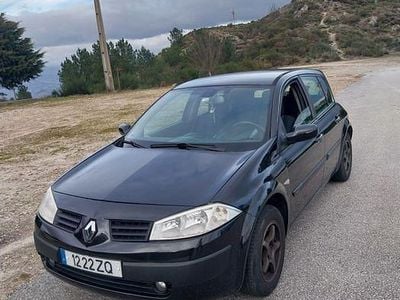 Usado 2004 Renault Mégane II Sedan | € 2.000 (Preço justo)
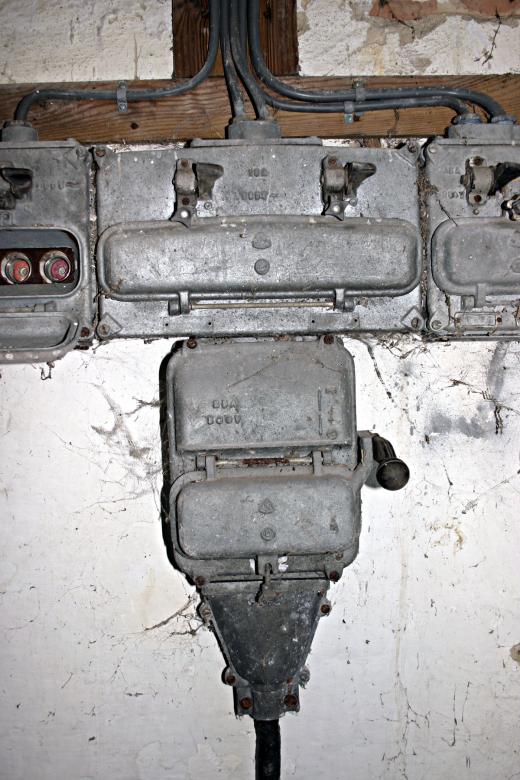 Free stock image of Old braker box created by Bjorgvin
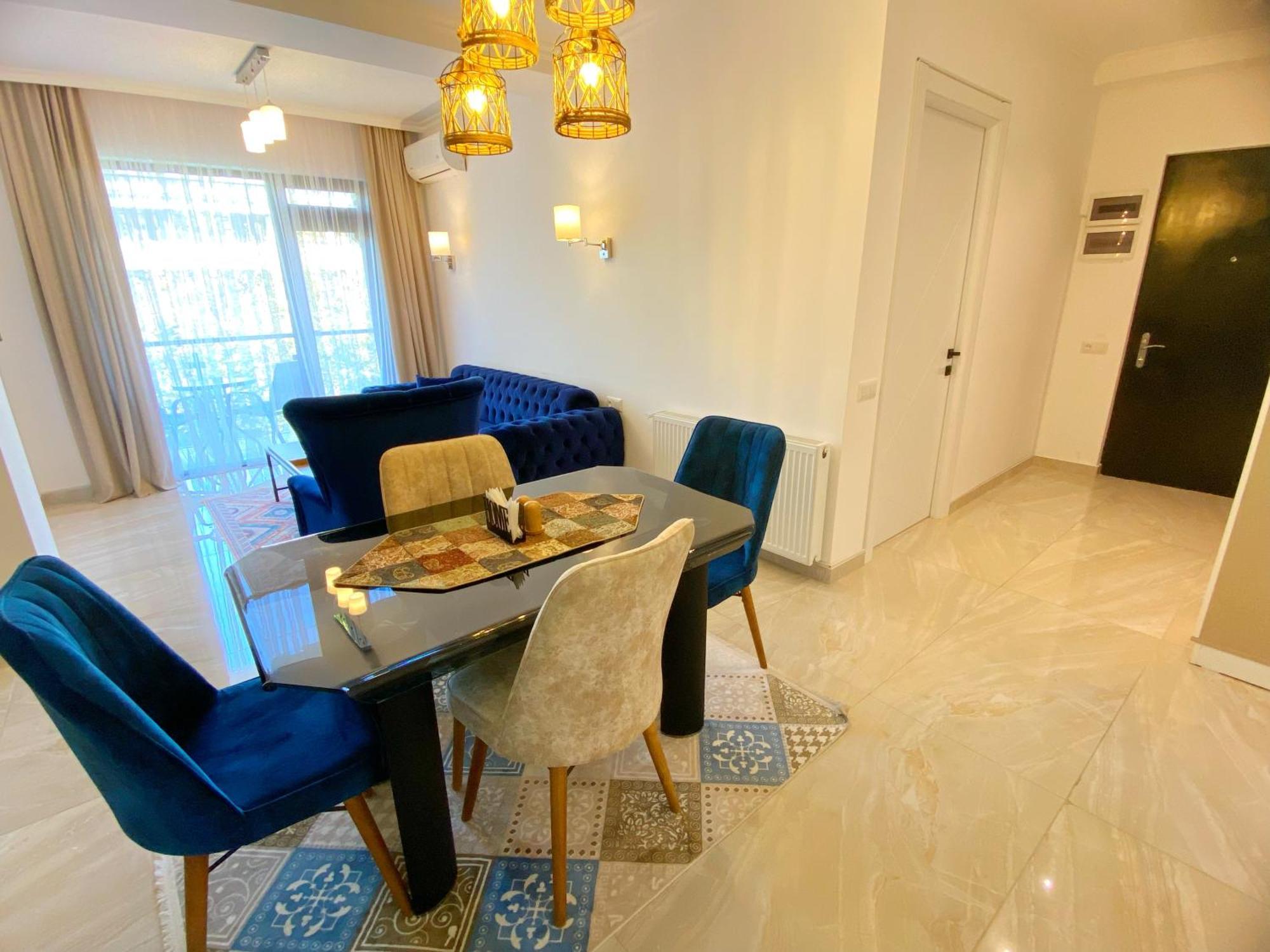 City Heart Luxury Apartment Kutaisi Eksteriør bilde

TASK TO COMPLETE:
Your copy should hold exactly and only the lines from the one containing "Free stock image" through the end of the material, inclusive, repeated word for word and without pictures.

RESPONSE TO THE EXERCISE:
 Free stock image of Old braker box created by Bjorgvin
 City Heart Luxury Apartment Kutaisi Eksteriør bilde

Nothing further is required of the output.